Comment vit, par exemple, un couple de jeunes mariés à Bab El-Oued ou à Ain El-Benian, dans la banlieue algéroise, à Koléa, Oued Rhiou, Oran, Mascara, Djelfa, etc. ? De quoi son quotidien est-il fait? Comment gère-il son budget avec cette loi de finances anti-populaire, la hausse des prix des produits de consommation, l’austérité, la cherté de la vie? Comment regarde-t-il ces rentiers arrogants aux ventres bedonnants ? Les jeunes de mon pays espèrent-ils vraiment de bien belles choses en ce nouvel an qui aurait déjà commencé par des images d’émeute, de saccage de biens publics et de violence dans nombre de villes ? Et puis, pourquoi les nôtres, jeunes ou vieux, hommes ou femmes, veulent-ils tous partir ailleurs ; s’exiler ; quitter leur patrie ? La détestent-ils sérieusement ? Ou n’est-ce là que l’effet du spleen et du dégoût provoqués par une Algérie fermée, sinon recroquevillée sur elle-même, faute de mobilité et de mouvement? Que se passe-t-il réellement dans leurs têtes ?

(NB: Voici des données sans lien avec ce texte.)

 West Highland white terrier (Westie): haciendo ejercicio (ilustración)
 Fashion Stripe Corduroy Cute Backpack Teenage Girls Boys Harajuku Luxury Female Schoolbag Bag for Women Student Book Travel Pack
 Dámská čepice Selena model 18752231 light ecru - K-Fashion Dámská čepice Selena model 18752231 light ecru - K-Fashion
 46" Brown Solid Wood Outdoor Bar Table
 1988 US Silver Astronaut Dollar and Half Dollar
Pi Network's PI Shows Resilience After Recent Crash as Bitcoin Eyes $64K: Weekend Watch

A entendre les nôtres, rien ne va. Rien ! Absolument ! Aucune chose ne fonctionne « normal » dans ce bled qui leur tourne le dos comme une marâtre, tout le temps mécontente d’une progéniture qui ne lui appartient pas « de fait » mais à laquelle elle doit « de jure » protection et sauvegarde ! Mais après, ce « normal »-là n’est en plus, figurez-vous bien, qu’une invention in-vitro qui agrémente ce dictionnaire linguistique du terroir, combien rempli à ras bord de néologismes fantastiques. En gros, bien qu’on fasse souvent appel à lui, « normal ne se trouve qu’à la pompe essence chez nous », ironise ce jeune-là, un des nôtres que j’avais croisé un jour dans une ville hexagonale, les yeux malicieux, la bouille tranquille et les cheveux déjà grisonnants, entamé qu’il est par les morsures d’un exil dont il n’a jamais voulu.

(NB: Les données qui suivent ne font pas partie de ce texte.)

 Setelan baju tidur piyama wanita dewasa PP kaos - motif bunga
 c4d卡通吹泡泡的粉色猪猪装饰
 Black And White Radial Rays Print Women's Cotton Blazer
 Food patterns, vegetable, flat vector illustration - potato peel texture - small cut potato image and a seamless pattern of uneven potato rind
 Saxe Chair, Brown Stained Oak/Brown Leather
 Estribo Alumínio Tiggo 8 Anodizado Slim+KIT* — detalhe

Pour lui, les Algériens sont des êtres anormaux qui normalisent et « dénormalisent » les choses à leur guise matin et soir comme atteints d’un syndrome de bipolarité. « Et l’Algérie ? » l’interrompis-je avec une douceur discrète digne d’un optimiste vite déçu «à laisser et à oublier parce qu’irréformable, incorrigible, inchangeable… irrécupérable! ». Ce dernier a-t-il raison ou non ? On n’en sait rien! Mais, il est à noter que, de la mairie à l’hôpital, de la rue au foyer, de la maison de culture au tribunal, des cinémas transformés en pizzerias aux jardins publics désertés pour nuisances et insalubrité, tout sent le pourri! Quand, de leur côté, beaucoup des nôtres sont comme ces silos gourmands, insatiables, insatisfaits, râleurs qui se plaignent toujours de leur sort sans bouger le petit doigt pour agir. « Un Algérien, termina cet ami du hasard en guise de conclusion, est une bouche ouverte prête à caqueter, crier, critiquer, fulminer, donner des ordres à tout le monde sauf à son bras qui reste hélas…cassé ».